My idea is to associate a field called projectId with every PDF file when indexing. As soon as we get this, we will start the project metadata search again.

This way we could avoid data duplication. In addition, if we want to update the project metadata, we will finish the update in only one place. Otherwise, if we save this metadata with all pdf doument indices, we will complete updating all documents, which I am not looking for.

please inform.

+4

join search indexing rdbms lucene

KP. May 06 '09 at 9:00

source share

5 answers

Yuval F · Answer 1 · 2009-05-06T12:28:27+0000

If you understand correctly, you have two questions:

Is it possible to save the project identifier in Lucene and use it for further search? Yes you can. This is a common practice.
Can I use this project identifier to search Lucene for project metadata? Yes you can. I do not know if this is a good idea. It depends on the frequency of your metadata updates and your access pattern. If the metadata is relatively static and you only access it by id, Lucene may be a good place to store it. Otherwise, you can use the project identifier as the primary key for the database table, which could be better.
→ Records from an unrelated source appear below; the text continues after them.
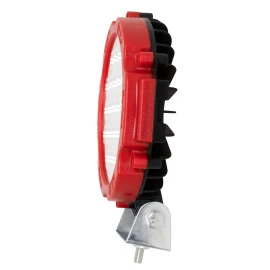 GloboStar® 85412 PRO Series Προβολέας εργασίας κόκκινος - Working Light για αυτοκίνητα & φορτηγά LED CREE XBD 63W 6300lm DC 10-30V αδιάβροχος IP65 ψυχρό λευκό 6000K GloboStar® 85412 PRO Series Προβολέας εργασίας κόκκινος - Working Light για αυτοκίνητα & φορτηγά LED CREE XBD 63W 6300lm DC 10-30V αδιάβροχος IP65 ψυχρό λευκό 6000K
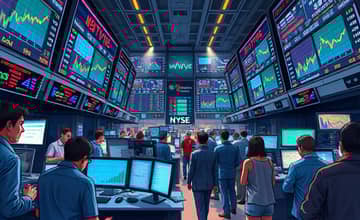 Market Leadership: Identifying Which Stocks Are Driving Performance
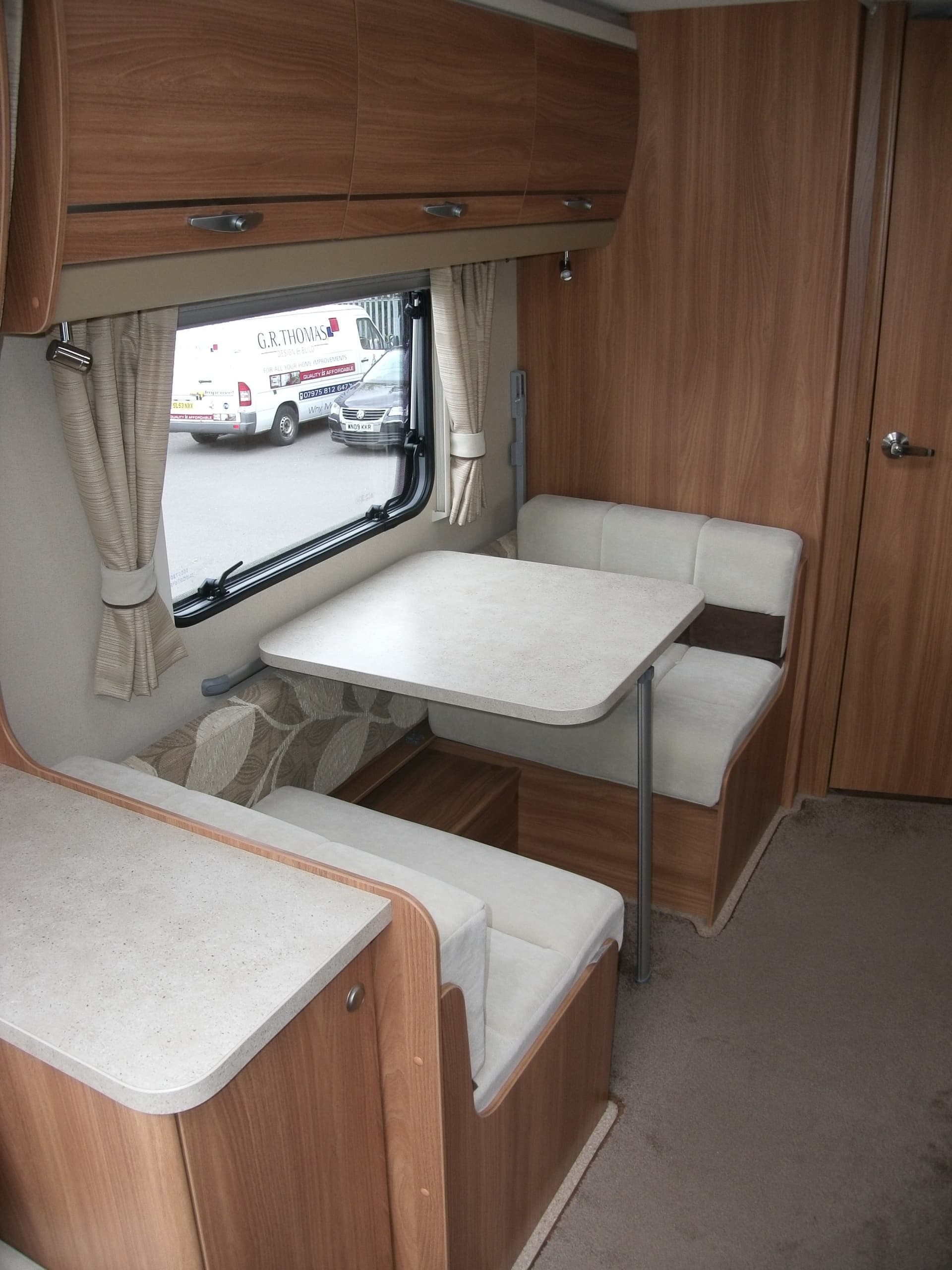 Conqueror 530
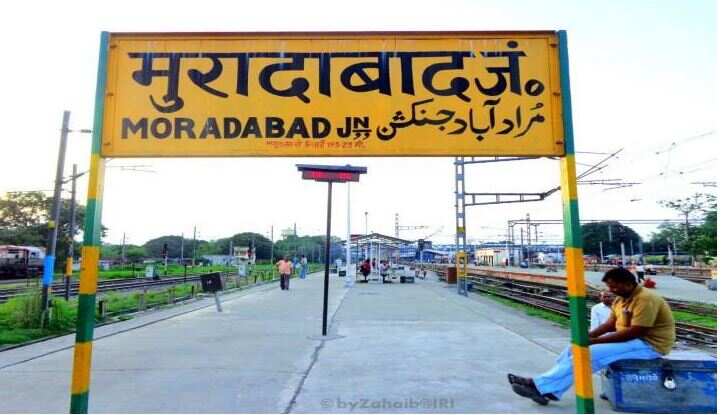 Poor wagon disappeared due to negligence of the railroad, chaos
bajafresh4life · Answer 2 · 2009-05-08T16:00:00+0000

That sounds good. The only limitation that you have (by storing the project link in Lucene, and not on the project data itself) is that you will not be able to request the text of the document and the project metadata at the same time. For example, "documentText: foo OR project_name: bar". If you don't have this requirement, then it looks like storing an identifier in Lucene that refers to a database row is what you need to do.

jeremyalan · Answer 3 · 2009-08-26T03:06:17+0000

It is definitely possible. But always remember that you are using Lucene for something that it is not intended for. In general, Lucene is intended for full-text search, and not for displaying relational content. Thus, the more complex your system, the more your relational content becomes, the more you will see a decrease in performance.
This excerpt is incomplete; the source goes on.